Também o Ministério Público, como órgão de controle, nesse momento, acompanhará o empenho da alta administração em aparelhar sua estrutura, de forma a garantir que, no final do período de vacatio legis, o Ente conte com profissionais habilitados para exercer função de tamanha importância.
6. Considerações finais
A contratação de serviços e aquisição de bens são pontos de grande sensibilidade na gestão pública. Para além da constante ameaça da corrupção, desvio de recursos e favorecimentos espúrios, a falta de técnica, planejamento e capacitação contribuem para que o dinheiro público seja gasto sem representar proporcional benefício à sociedade.
A nova lei de licitações, embora sem ineditismo, tem o mérito de apontar a necessidade de observar os princípios e diretrizes de governança nos procedimentos que fundamentam esses negócios jurídicos.

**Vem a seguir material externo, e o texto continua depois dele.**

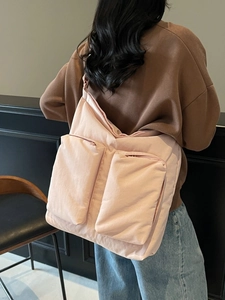 Pink large puffer tote bag with dual front zipper pockets shown on a shoulder model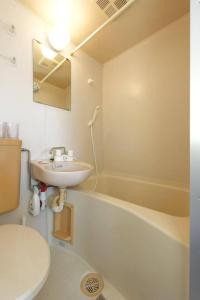 a bathroom with a sink and a toilet and a tub at sakura 601 in Tokyo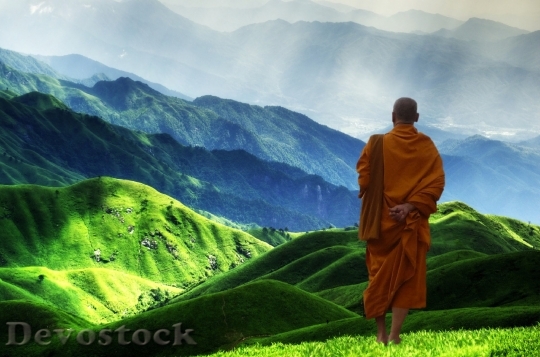Devostock A monk standing on green mountain during daytime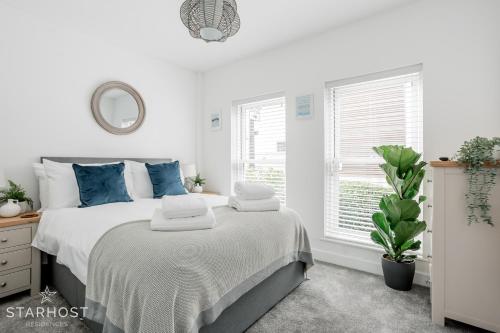 a white bedroom with a bed with blue pillows at StarHost Residences - Brand New 2 bed apartment in Newbury Centre in Newbury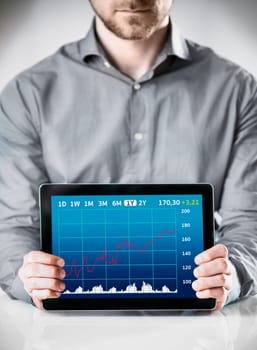 Close up Businessman Holding a Table Gadget with a Conceptual Statistical Graph Display on the Screen.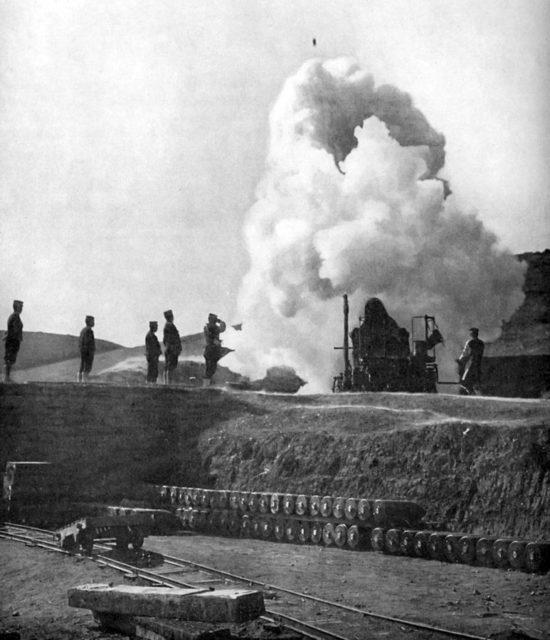 A Japanese 11 inch (275 mm) siege gun fires on Port Arthur during the Russo-Japanese war. The 500 pound (250 kg) shell can be seen in flight above the gun.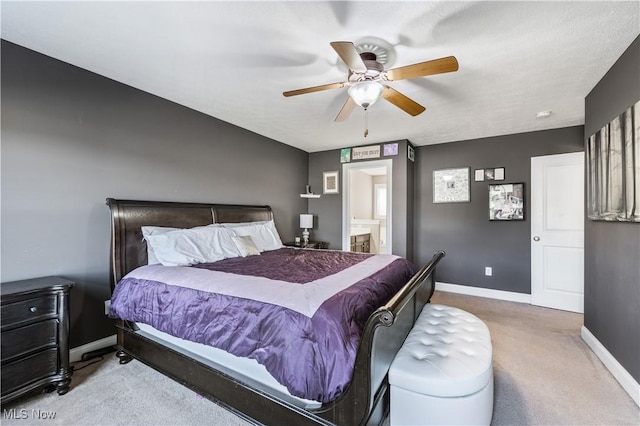 carpeted bedroom featuring baseboards, ceiling fan, and connected bathroom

Caberá à alta administração da entidade promover a estruturação física e humana adequada para tornar as premissas do legislativo efetivas. Aqui, especial cuidado deve receber o agente de contratação, que terá papel fundamental em garantir que os objetivos da lei sejam alcançados.
Municípios com população superior a 20.000 habitantes, Estados, o Distrito Federal e a União terão o prazo de 2 (dois) anos para se organizar e contarão com o valioso trabalho do Tribunal de Contas na capacitação dos servidores que estarão à frente dos procedimentos licitatórios.
Nessa toada, é de se esperar que o bom gestor se ocupe dessas questões, empreenda esforços para fazer concretizar as diretrizes de governança da nova lei e proposta de lei orçamentária para o exercício de 2022, direcione recursos de forma a permitir que a lei seja cumprida.